Nelle controdeduzioni trasmesse la scorsa settimana al comune, l’esponente amministrativo, eletto l’anno scorso con 342 preferenze nella lista civica “Acerra è tua”, compagine che sostiene il sindaco Udc Raffaele Lettieri, motiva con un letterale mal di pancia l’assenza, la settima consecutiva, alla seduta del consiglio comunale del 28 aprile. “Il discorso della malattia è una banalità – risponde dal canto suo Ricchiuti – ci sono motivazioni più importanti: il mio materiale probatorio è molto fondato. Comunque – conclude il politico locale – aspettiamo il consiglio, poi vedremo: io sono sereno, tranquillo e non sono rammaricato con nessuno per questo”. Tutte le altre sei assenze precedenti sono state giustificate dal consigliere comunale da motivi di lavoro.

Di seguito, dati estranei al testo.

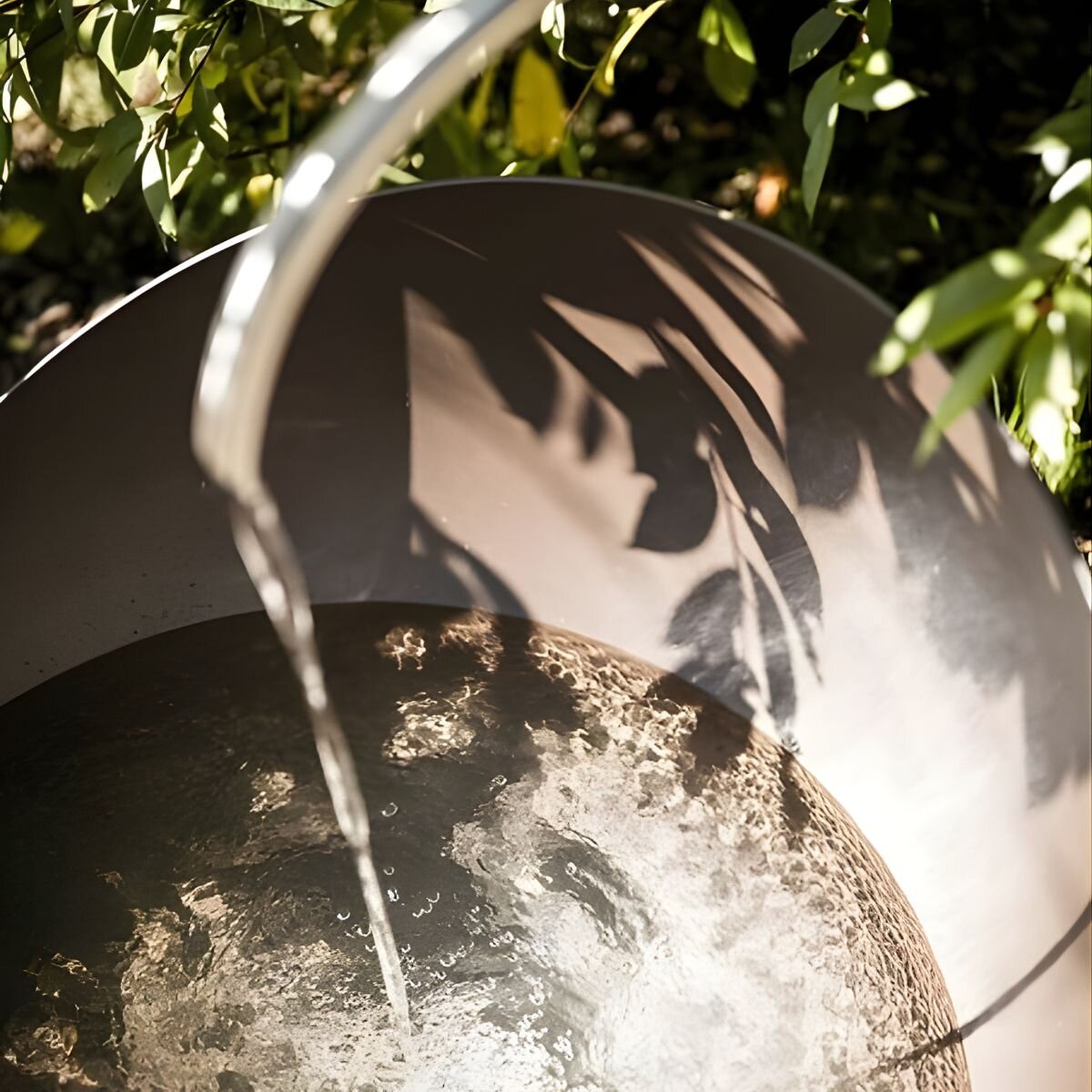 fontana-da-giardino-aqualuna-con-ingresso-dacqua-rilassante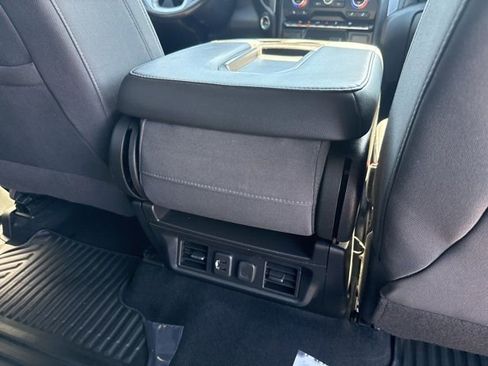 Used 2020 GMC Sierra 1500 SLE w/ SLE Value Package image 47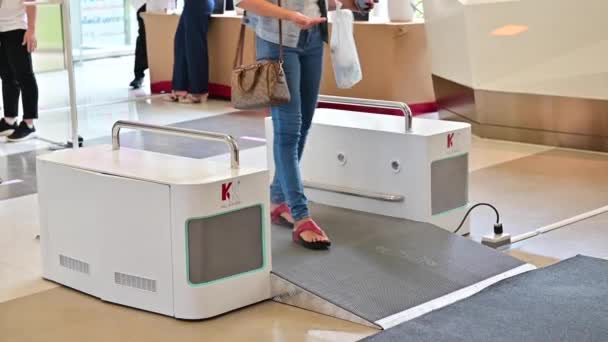 Bangkok Thaïlande Mai 2020 Les Chaussures Automatiques Désinfectées Nettoient Mécanique — Video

In base al testo unico degli enti locali la decadenza di un consigliere è determinata da tre assenze consecutive e ingiustificate. Ma il regolamento del comune di Acerra è in questo senso più elastico perché all’articolo 10 prevede che le assenze debbano essere il doppio, sei. Comunque al primo comma dello stesso articolo il regolamento stabilisce che il dovere del consigliere comunale è di partecipare a tutte le adunanze e che le assenze devono essere giustificate in modo credibile. Sempre in base alla stessa normativa municipale, le controdeduzioni a un’eventuale procedura di decadenza devono essere motivate anche sotto il profilo temporale: il consigliere è obbligato a spiegare perché abbia presentato le giustificazioni in quel determinato momento.
Secondo il Tar la assenze ripetute sono invece giustificato quando vengono utilizzate come strumento di lotta politica, manifestando cioè il proprio dissenso verso le scelte dell’amministrazione municipale attraverso il classico ritiro sull’ “Aventino”.